Multiple developers—including SBR Group, Sindhuri Infra, and others—approached the Karnataka High Court.
Justice M. Nagaprasanna’s answer was calibrated, not combative.
The Court held:
- Yes, RERA mandates transparency
- Yes, quarterly and annual reporting is compulsory
- Yes, regulators must enforce compliance
But—
Penalties must arise from statute or rules—not administrative creativity.
A circular, the Court reminded, cannot do what the Act itself does not permit.
The delay fee was therefore read down.
Compliance obligations survived.
Arbitrary financial impositions did not.
Why this ruling matters
This batch of cases draws a clean constitutional boundary:
-
Regulation is not governance by memo
-
Enforcement is not a license to improvise
-
Transparency cannot be purchased by illegality
The judiciary did not weaken RERA.
It disciplined it.
And in doing so, it preserved the credibility of regulation itself.
The Connecting Thread: Discretion Is Not a Free Pass
Read together, these cases complete the arc that began in earlier editions.
Where earlier judgments dealt with:
- interpretation
- jurisdiction
- execution
These cases deal with something more delicate:
discretion.
- Entities cannot use labels to dilute liability
- Regulators cannot use purpose to exceed power
In both directions, courts are applying the same test:
What does the statute actually allow—no more, no less?
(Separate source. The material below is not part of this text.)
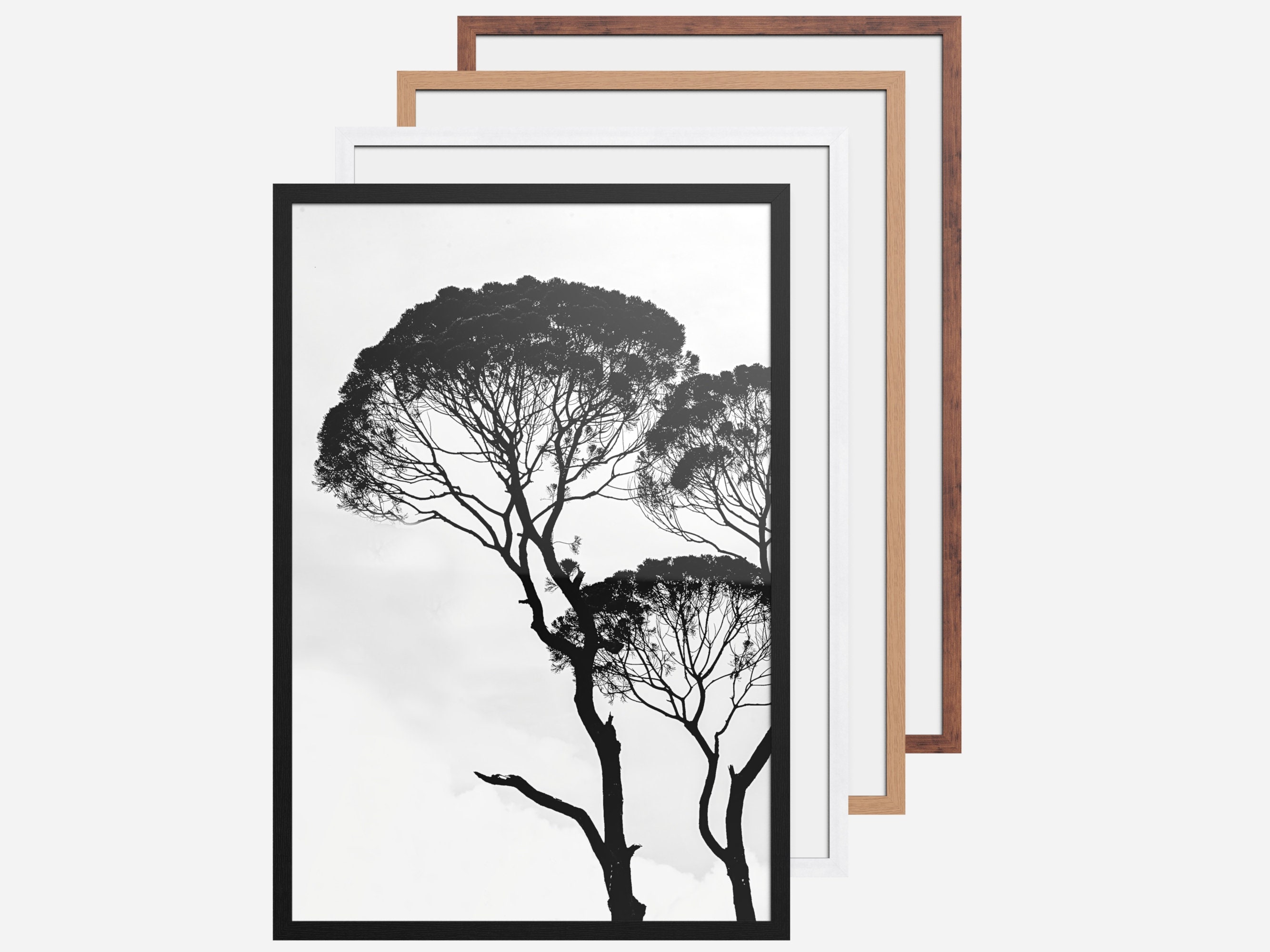 Black Frame White Picture Frame Rustic Photo Frame A2 A3 Etsy UK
This is not judicial activism.
It is judicial containment.
The Larger Architecture: Accountability Without Overreach
Indian real estate law has entered a phase of refinement.
- Buyers are protected—but not by abandoning legal structure
- Developers are accountable—but not by expanding authority informally
- Regulators are empowered—but not unbounded
This is what mature regulation looks like.
Not louder.
Not harsher.
But precisely drawn.
The era of semantic escape is ending.
And the era of regulatory improvisation is being checked.
What survives is something sturdier:
Accountability anchored in statute.
Power exercised within limits.
And credibility earned through restraint.
— Arindam Bose
BeEstates
⬡⬡⬡⬡⬡⬡⬡⬡⬡⬡⬡⬡⬡⬡⬡⬡⬡⬡⬡⬡⬡⬡⬡⬡⬡⬡⬡⬡⬡⬡⬡⬡⬡⬡⬡⬡⬡⬡⬡⬡⬡⬡⬡⬡⬡⬡⬡⬡⬡⬡⬡⬡⬡⬡⬡⬡⬡
Disclaimer
This article is based on publicly available court judgments, statutory provisions, and independent legal research. It is intended for educational and informational purposes only and does not constitute legal advice. Readers should consult qualified professionals for case-specific guidance.